PROMPT: Although the material holds pictures, none belong in the copy; transcribe exactly, and only, the lines from the one with "ENLEE Adjustable Bike" through the end.

DATA EXTRACT:

* * *

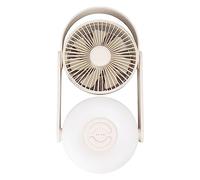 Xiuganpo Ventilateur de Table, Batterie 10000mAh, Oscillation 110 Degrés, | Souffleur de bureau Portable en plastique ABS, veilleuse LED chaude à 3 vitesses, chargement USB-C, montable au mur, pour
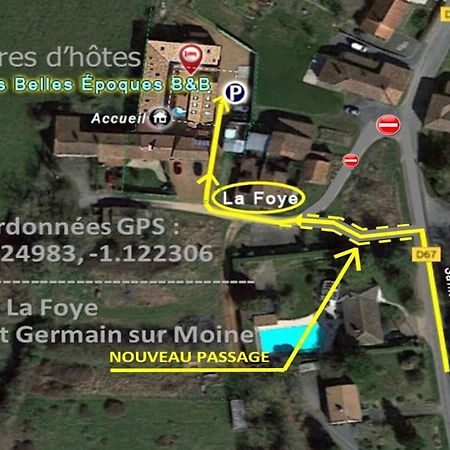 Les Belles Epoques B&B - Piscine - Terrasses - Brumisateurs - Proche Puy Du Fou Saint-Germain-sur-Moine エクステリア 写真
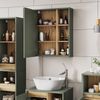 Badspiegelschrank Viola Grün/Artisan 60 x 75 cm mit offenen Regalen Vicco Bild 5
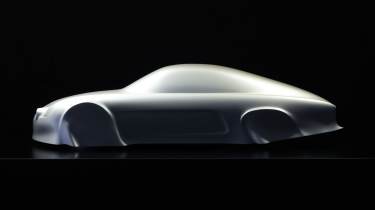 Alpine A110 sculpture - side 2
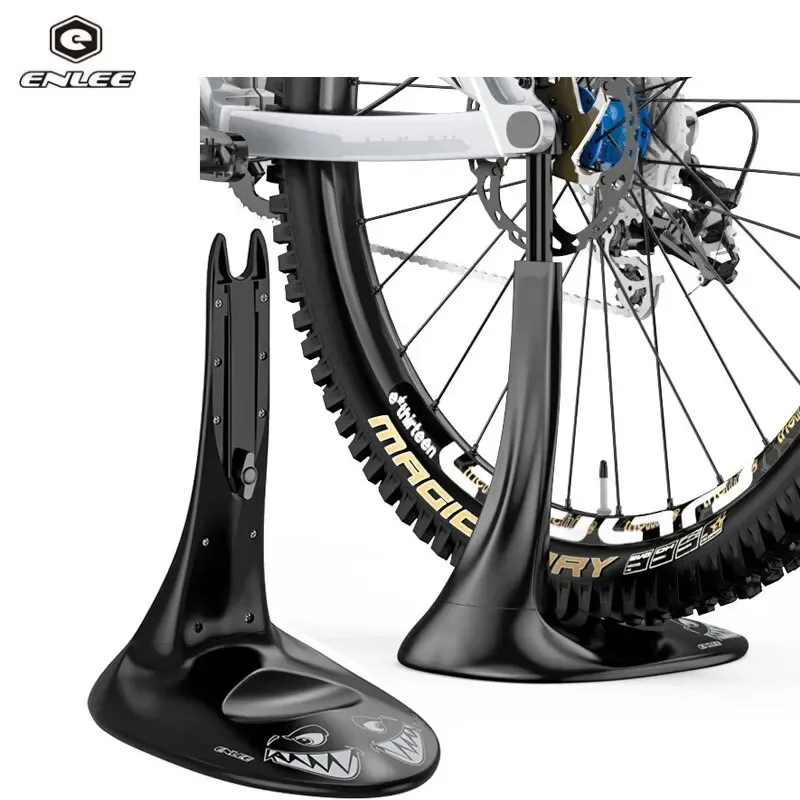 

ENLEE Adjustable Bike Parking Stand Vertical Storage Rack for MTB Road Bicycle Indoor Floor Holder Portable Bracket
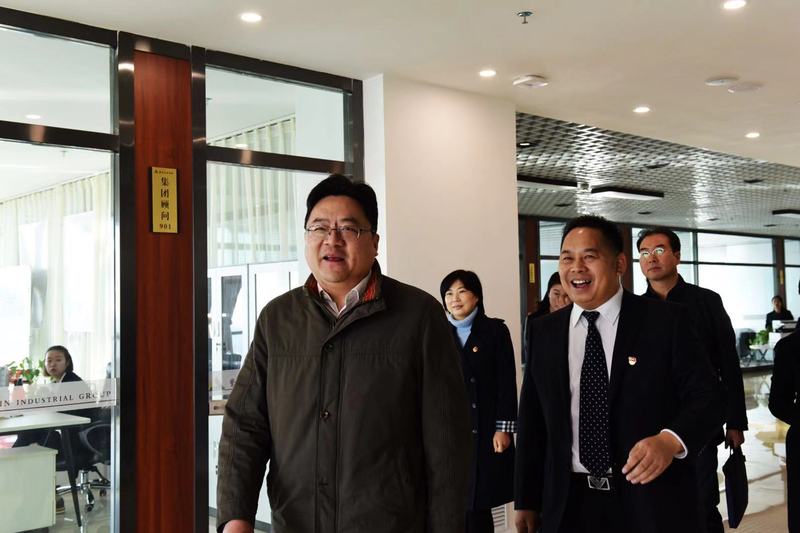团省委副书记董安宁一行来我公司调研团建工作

* * *

RESULT OF THE TASK:
ENLEE Adjustable Bike Parking Stand Vertical Storage Rack for MTB Road Bicycle Indoor Floor Holder Portable Bracket
团省委副书记董安宁一行来我公司调研团建工作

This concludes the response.